>>>>

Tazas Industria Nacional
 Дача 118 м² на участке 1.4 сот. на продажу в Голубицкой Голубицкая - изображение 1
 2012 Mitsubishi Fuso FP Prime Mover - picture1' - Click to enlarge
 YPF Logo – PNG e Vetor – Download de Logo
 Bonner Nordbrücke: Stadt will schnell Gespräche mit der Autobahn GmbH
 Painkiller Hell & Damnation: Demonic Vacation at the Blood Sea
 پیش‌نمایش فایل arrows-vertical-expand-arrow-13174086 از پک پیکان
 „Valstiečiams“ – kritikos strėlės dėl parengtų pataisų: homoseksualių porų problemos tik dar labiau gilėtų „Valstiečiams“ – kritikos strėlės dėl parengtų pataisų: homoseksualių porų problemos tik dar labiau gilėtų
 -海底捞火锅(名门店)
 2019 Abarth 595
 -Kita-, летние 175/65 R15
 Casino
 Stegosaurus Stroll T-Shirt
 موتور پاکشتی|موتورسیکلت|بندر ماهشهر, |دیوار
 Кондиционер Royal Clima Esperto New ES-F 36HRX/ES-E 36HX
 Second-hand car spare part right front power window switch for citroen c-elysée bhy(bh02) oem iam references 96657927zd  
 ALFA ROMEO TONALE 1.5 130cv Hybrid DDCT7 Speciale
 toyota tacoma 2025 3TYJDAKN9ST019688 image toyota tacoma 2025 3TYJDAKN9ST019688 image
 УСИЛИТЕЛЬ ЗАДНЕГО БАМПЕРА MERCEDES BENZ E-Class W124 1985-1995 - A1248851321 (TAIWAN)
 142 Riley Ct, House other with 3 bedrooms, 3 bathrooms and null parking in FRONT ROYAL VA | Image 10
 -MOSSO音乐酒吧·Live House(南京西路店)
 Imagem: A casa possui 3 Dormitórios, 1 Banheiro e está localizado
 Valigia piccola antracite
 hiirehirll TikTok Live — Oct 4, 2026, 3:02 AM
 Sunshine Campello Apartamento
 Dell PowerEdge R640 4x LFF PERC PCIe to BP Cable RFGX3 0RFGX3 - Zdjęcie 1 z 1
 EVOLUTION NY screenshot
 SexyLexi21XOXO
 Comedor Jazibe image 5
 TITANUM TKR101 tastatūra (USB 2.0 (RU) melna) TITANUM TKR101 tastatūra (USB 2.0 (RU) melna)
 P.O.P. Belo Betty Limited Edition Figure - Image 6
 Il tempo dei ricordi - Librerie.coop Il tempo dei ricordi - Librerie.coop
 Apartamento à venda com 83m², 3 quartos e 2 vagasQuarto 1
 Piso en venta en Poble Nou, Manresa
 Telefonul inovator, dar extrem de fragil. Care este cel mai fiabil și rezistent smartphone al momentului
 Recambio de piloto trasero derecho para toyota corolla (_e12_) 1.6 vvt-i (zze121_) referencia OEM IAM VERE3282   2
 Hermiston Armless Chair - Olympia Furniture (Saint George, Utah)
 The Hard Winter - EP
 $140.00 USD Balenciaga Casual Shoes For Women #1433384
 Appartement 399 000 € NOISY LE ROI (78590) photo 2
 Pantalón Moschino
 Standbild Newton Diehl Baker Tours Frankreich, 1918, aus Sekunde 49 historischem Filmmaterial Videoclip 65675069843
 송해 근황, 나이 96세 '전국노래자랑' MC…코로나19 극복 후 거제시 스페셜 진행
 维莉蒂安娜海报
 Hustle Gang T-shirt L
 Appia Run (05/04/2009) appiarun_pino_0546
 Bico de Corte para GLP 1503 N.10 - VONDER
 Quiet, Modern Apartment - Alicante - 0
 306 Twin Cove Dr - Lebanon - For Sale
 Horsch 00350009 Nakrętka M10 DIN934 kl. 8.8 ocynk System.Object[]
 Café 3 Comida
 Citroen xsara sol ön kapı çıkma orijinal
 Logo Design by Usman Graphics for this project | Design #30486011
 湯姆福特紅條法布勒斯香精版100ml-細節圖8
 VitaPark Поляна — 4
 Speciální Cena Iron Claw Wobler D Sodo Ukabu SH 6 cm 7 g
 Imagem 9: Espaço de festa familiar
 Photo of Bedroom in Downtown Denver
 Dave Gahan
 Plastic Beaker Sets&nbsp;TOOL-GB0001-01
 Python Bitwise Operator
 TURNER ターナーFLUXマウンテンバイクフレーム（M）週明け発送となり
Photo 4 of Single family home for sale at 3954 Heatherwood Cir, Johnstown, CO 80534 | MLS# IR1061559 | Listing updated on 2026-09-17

<<<<

> Directions
Restate the records above verbatim up to and including the line containing "Painkiller Hell &".

> Written answer
Tazas Industria Nacional
 Дача 118 м² на участке 1.4 сот. на продажу в Голубицкой Голубицкая - изображение 1
 2012 Mitsubishi Fuso FP Prime Mover - picture1' - Click to enlarge
 YPF Logo – PNG e Vetor – Download de Logo
 Bonner Nordbrücke: Stadt will schnell Gespräche mit der Autobahn GmbH
 Painkiller Hell & Damnation: Demonic Vacation at the Blood Sea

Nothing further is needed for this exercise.